No me contestó, y sólo atinó a decir displicente: “Pregunta lo que quieras”.

—¿Cuáles son los caminos de la vida?

—Hay tres senderos en la vida de todo ser humano. Yo soy guía en uno de ellos. Mi enemigo es la Luz en el otro, y en el tercero no interviene el orden metafísico y es una vía abominada por ese orden.

—Lo sigo escuchando con atención.

—Los caminos de la vida son los siguientes: el camino del mal, el del bien y aquel que no es ni uno ni otro. Te hablaré del primero y del último, puesto que no me corresponde a mí referirme a aquello que está fuera de mi campo de acción y de mi propia naturaleza. El camino del mal es una pendiente lisa, suave, alegre, cautivadoramente perfumada y gelatinosa, por la que el corazón del hombre se desliza sin esfuerzos, hacia un placer abismal fútil, o una acción aberrante que lo envanece. Alcanzado dicho placer, o consumado el hecho injusto y dominador sobre otra persona, la mano de la satisfacción advierte que “en el fondo” todo no es más que un holograma, una entelequia. Difícilmente el que se desliza hacia abajo vuelve la vista atrás. Embelesado, poseído por la atracción del placer que confunde con felicidad, o repleto y halagado de esa pasión que lo torna dominante sobre otro, está ensimismado y prisionero en su estado. Aquellos que en esos instantes de maldad vuelven sus miradas hacia lo que se llama “el punto original o cero”, es decir, el plano de acción en que se encuentra el hombre por lo general y desde el cual decide cuáles de los caminos de la vida tomar, sienten la desazón por la caída al advertir la verdad sobre su situación. Pero yo me aseguro de que la luz del abismo sea fuerte y cautivante, aunque irreal. Una vez abajo, le resulta difícil a la víctima, por la misma naturaleza de la pendiente, retornar al estado original o punto cero. No se logra sin grandes esfuerzos y sin pagar los costos del facilísimo viaje hacia el subsuelo.
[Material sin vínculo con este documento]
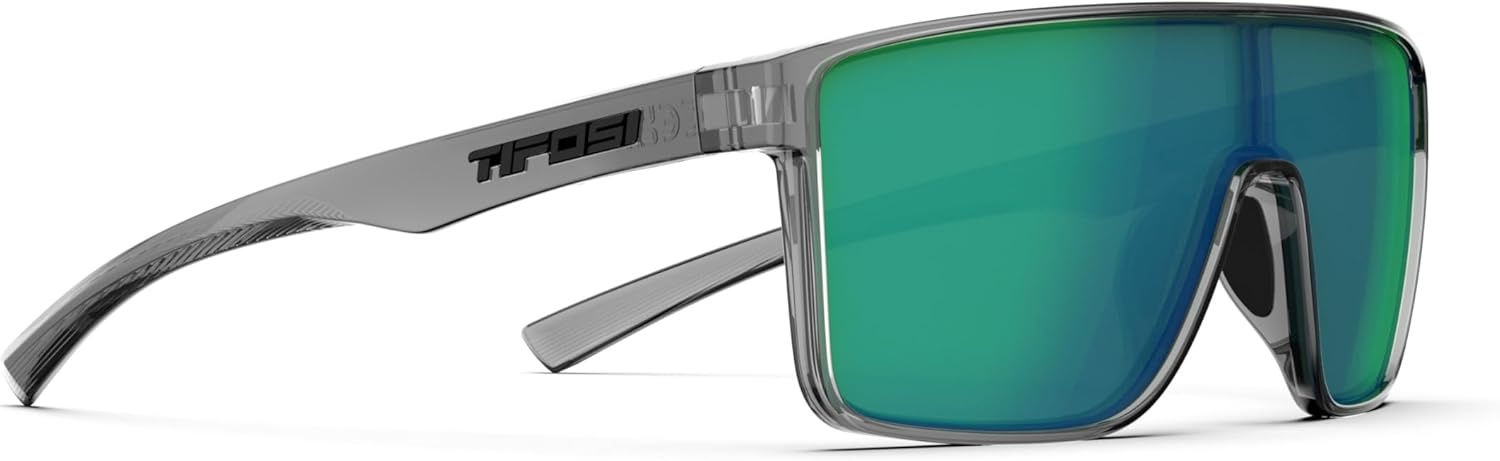 Tifosi Sanctum Sunglasses, Ideal For Cycling, Golf, Hiking, Running, Tennis & Pickleball, Lifestyle(Crystal Smoke (Smoke Green Mirror))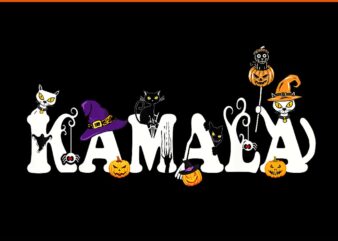 Black Cat Kamala Harris Halloween PNG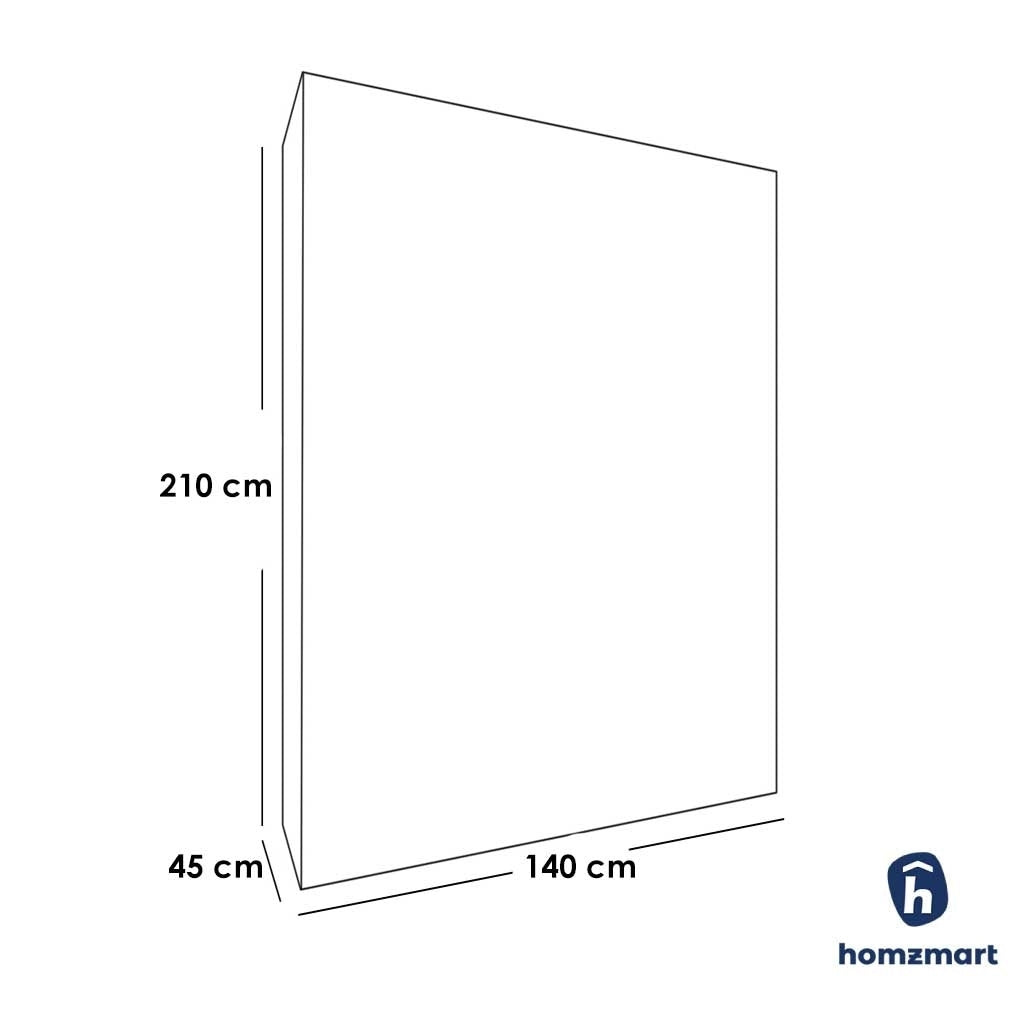 European Union Wood Wardrobe 3 Shelves - White - 210×140×45 Cm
—¿Y respecto del tercer camino?

—Ese es el camino en círculos por el plano horizontal del “punto cero”. Ni se asciende, ni se desciende, ni se llega a ninguna parte, sólo se da vueltas en círculos. Quienes andan por ese camino son los indiferentes, los desinteresados, los que están tan sumergidos en sus cosas que ni piensan en el bien o en el mal. No se compadecen con el sufriente, ni se alegran con el triunfante. Mi enemigo los llamó “los tibios a los que vomitaré de mi boca”. Razón tuvo y sigue teniendo. No sirven para nada, aunque a veces, como te he dicho alguna vez, me sirvo de ellos. Estas personas andan siempre en el punto neutral, en el punto de reposo del péndulo de la vida. No van ni para un lado ni para otro. La filosofía y la religión  oriental, como el budismo, dice de ellos que están sujetos a la rueda de reencarnaciones hasta que definan su destino. Y es muy cierto. No tengo más para decir. Aunque me gustaría conocer una breve definición del camino del bien, según tu opinión.

—El sendero del bien supongo que está en la misma pendiente en el que se encuentra el del mal –le dije–, sólo que a partir del “punto cero”, del estado de reposo, la pendiente hacia arriba es escarpada, sinuosa, llena de follaje espinoso y cuesta subirla. A veces se siente una gran soledad en ese camino, a veces se llora, a veces un viento de frustración azota el rostro del corazón humano, pero a medida que se asciende, y por el mismo esfuerzo, toda la estructura del ser se va fortaleciendo. A menudo el sendero ofrece al caminante un balcón, un descanso, desde donde puede mirar el panorama. Entonces, al verse el punto de reposo allá abajo y advertir el aire puro de la altura espiritual, un regocijo inmenso, indescriptible, una paz que no puede hallarse en otra parte, invade el alma. A medida que se anda ese camino, el caminante se encuentra y es ayudado por otros peregrinos que han atravesado la zona de mayores dificultades y que por todo comentario tienen una mano tendida, una sonrisa y una mirada apacibles y afectuosas. Si uno les pregunta: ¿qué hay allí arriba? Ellos responden: “Allí arriba está tu verdadero corazón”. Pero eso usted no lo entenderá, seguramente.